**MATERIAL FOR THIS TASK:**
-- Opening Marker --
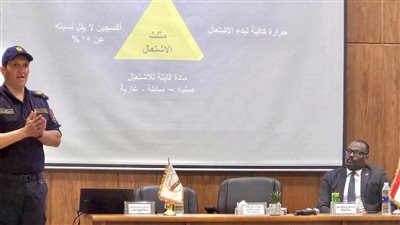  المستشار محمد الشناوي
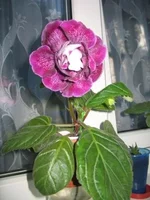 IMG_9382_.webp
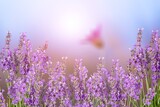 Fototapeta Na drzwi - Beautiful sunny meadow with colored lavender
-- Closing Marker --
-- Opening Marker --
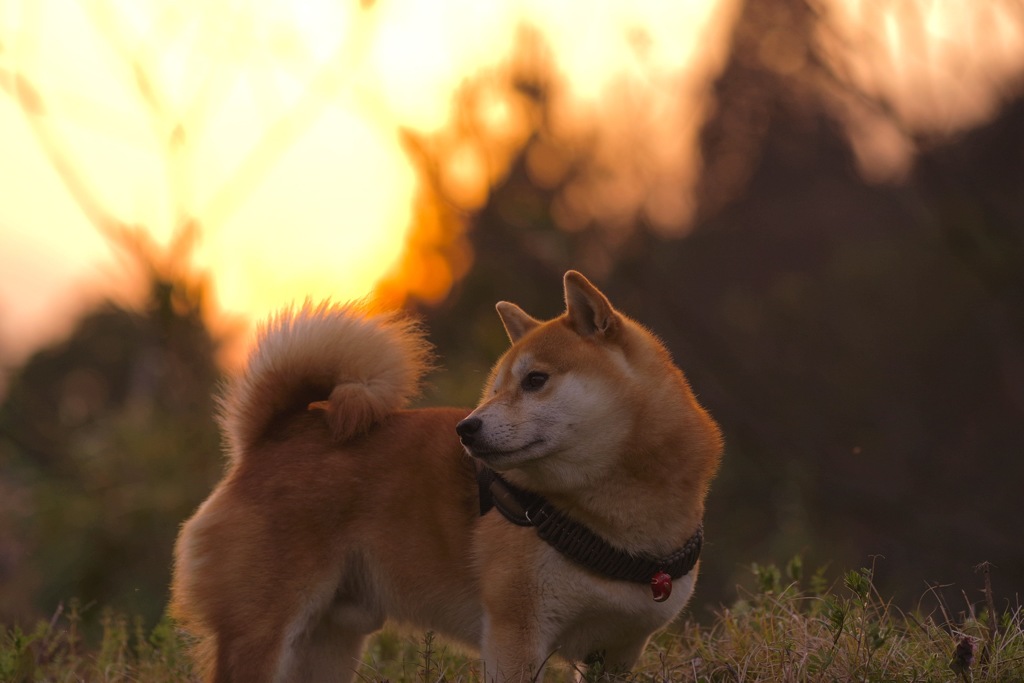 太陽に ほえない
-- Closing Marker --
-- Opening Marker --
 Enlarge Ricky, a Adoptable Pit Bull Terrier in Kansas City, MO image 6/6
-- Closing Marker --
**WHAT YOU ARE ASKED TO DO:** Take the lines above starting at the one containing "المستشار محمد الشناوي" and ending at the one containing "Fototapeta Na drzwi", and print them again exactly, without pictures.

**TASK ANSWER:**
  المستشار محمد الشناوي
 IMG_9382_.webp
 Fototapeta Na drzwi - Beautiful sunny meadow with colored lavender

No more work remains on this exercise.